Внутри оказались самые разные документы: приглашение на свадьбу рабби Менахема-Менделя Шнеерсона – любавичского ребе; афиша спектакля «Дибука» в постановке Виленской труппы 1921 года; входной билет на праздничные службы в Большой виленской синагоге; детская тетрадь по геометрии с заметками на идише; листовка 1937 года с поздравлением Еврейской автономной области в Биробиджане в связи с третьей годовщиной создания. Надлер, директор ИВО по науке, едва удержался от слез, когда обнаружил фотографии погрома 1919 года в Дубове. В этом погроме погибли восемь членов семьи его отца. Дина Абрамович достала письмо Макса Вайнрайха из Копенгагена к сотрудникам ИВО за 1940 год. Они будто бы сели в машину времени[517].

Открывали все новые ящики, архивариусы и администраторы раз за разом восклицали: «О Господи!» Никогда еще в стенах этого светского института так часто не поминалось имя Бога[518].

При этой волнующей сцене присутствовала одна особая гостья. Рахела Крыньская-Мелезин приехала осмотреть бумаги, которые помогала спасать пятьдесят с лишним лет назад. «Я страшно расчувствовалась, – призналась она, описывая момент, когда бросила первый взгляд на документы. – А ведь в гетто видела их каждый день». Подумав, она добавила: «Калманович постоянно твердил: “Не переживайте, после войны всё к вам вернется”»[519].

В январе 1996 года, когда прибыла вторая партия из 28 ящиков, в ИВО организовали масштабное торжество. Институт присудил восьмидесятилетнему Аврому Суцкеверу награду за спасение еврейского культурного наследия. То был знак публичного признания, в котором ему и Шмерке Качергинскому отказали в 1947-м, во время холодной войны, опасаясь последствий: чествования припозднились почти на пятьдесят лет. Суцкевер не смог по состоянию здоровья приехать в США, так что награду от его имени получила Рахела Крыньская.

Надлер – директор ИВО по науке и раввин – произнес благословение «Шегехияну»: «Благословен Бог, который даровал нам жизнь, и поддерживал ее в нас, и дал нам дожить до этого времени». Давид Рогов, ветеран еврейской сцены и уроженец Вильны, знавший Шмерке и Суцкевера подростками, прочитал стихи Суцкевера, в том числе «Пшеничные зерна». То был вечер радости со слезами на глазах. Глава вильнюсской еврейской общины писатель Григорий Канович сказал, что в свете истории еврейского народа в ХХ веке все истинно еврейские торжества – это радость со слезами на глазах.

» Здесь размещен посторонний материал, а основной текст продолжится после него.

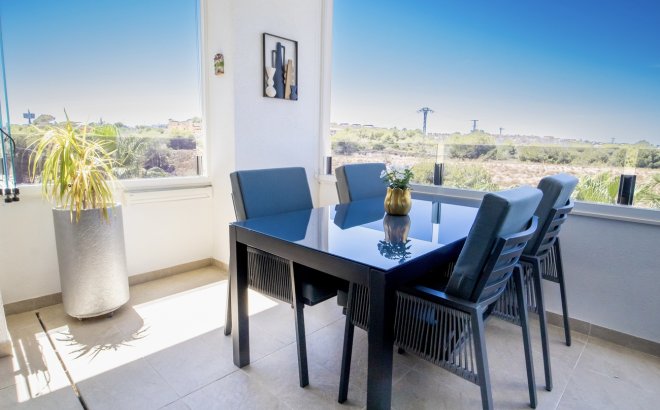 Resale - Penthouse -
Los Altos - AMANECER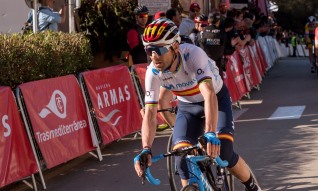 Alejandro Valverde e Enric Mas vão liderar Movistar na Volta a França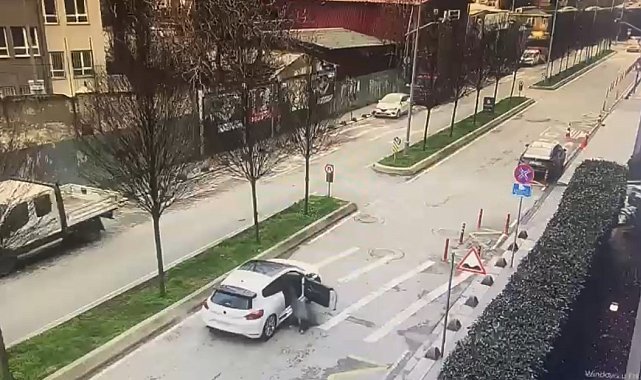 İstanbul&#039;da film gibi olay kamerada: Kaçırdıkları adamı vurup araçtan attılar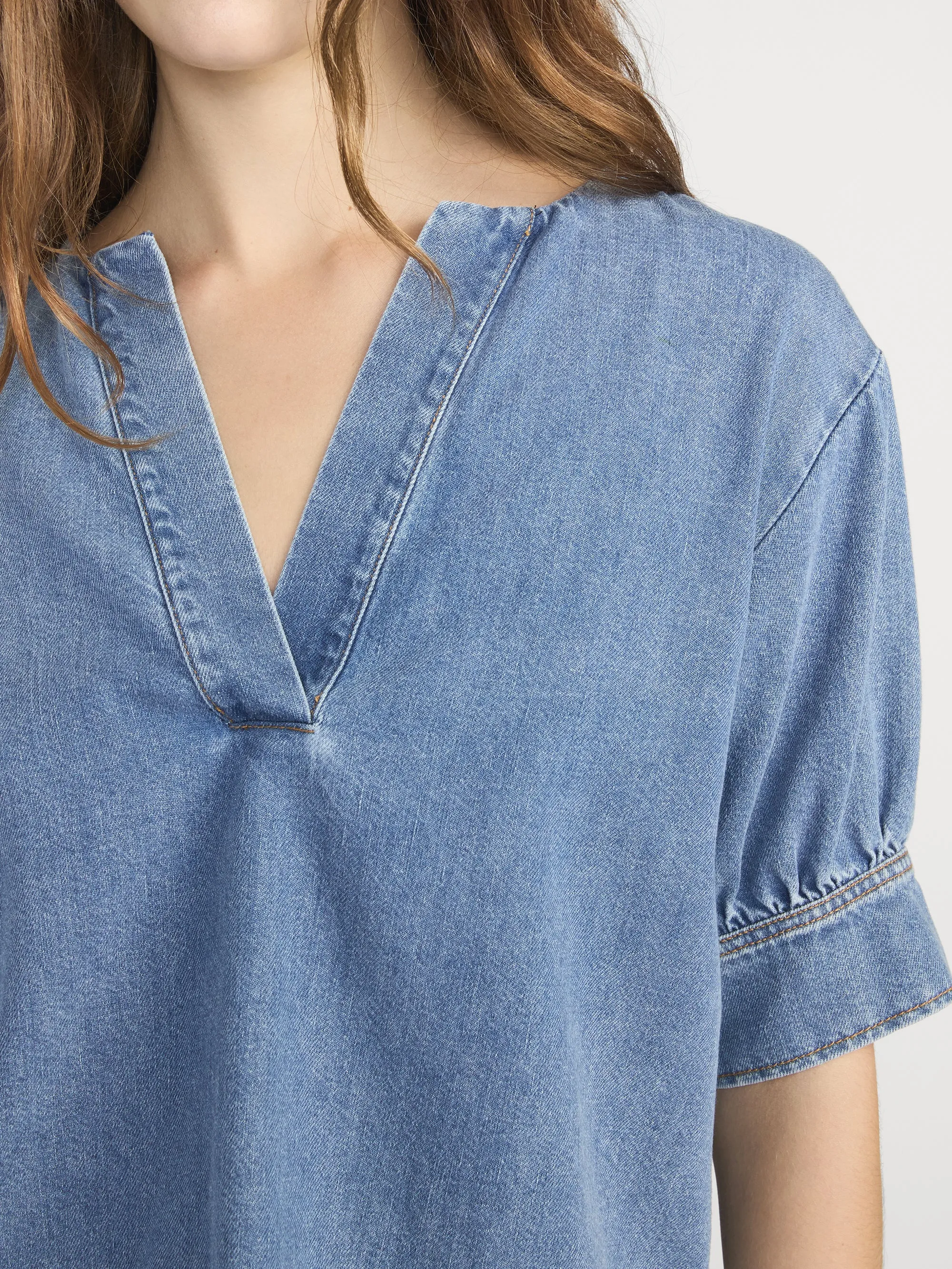 The Denim V-neck Popover Top -- Sora sold by Frame Denim product image thumbnail 5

Суцкевер не присутствовал на церемонии, однако слова, которые он произнес несколькими годами раньше, на праздновании шестидесятой годовщины ИВО, буквально витали в воздухе. То было последнее его заявление по поводу работы в «бумажной бригаде»:

Получив от директора Самуэля Норича приглашение приехать на празднование шестидесятой годовщины ИВО, я подумал: наверное, это ошибка. ИВО у меня внутри, так что мне некуда ехать.

Потом я перечитал приглашение в другом ключе, и мне бросились в глаза такие строки: «Самое важное, что мы можем передать американским евреям, – это наше бесценное восточноевропейское наследие. Наше существование невозможно без постоянных усилий по сохранению преемственности в культуре. Среди ныне живущих нет никого, кто сделал бы больше Вас для сохранения этой преемственности».

Среди ныне живущих. Не стану скрывать, что от этих слов у меня земля зашаталась под ногами – если истинно то, что человек создан из земли. Я отправил директору ИВО второе письмо: приеду.

Когда злодеи превратили Вивульского, 18, в Понары еврейской культуры и приказали нескольким десяткам евреев из Виленского гетто копать могилы для нашей души, мне, посреди великих наших несчастий, выпала удача: судьба даровала мне Желтую Звезду Давида, и я стал одним из этих нескольких десятков евреев.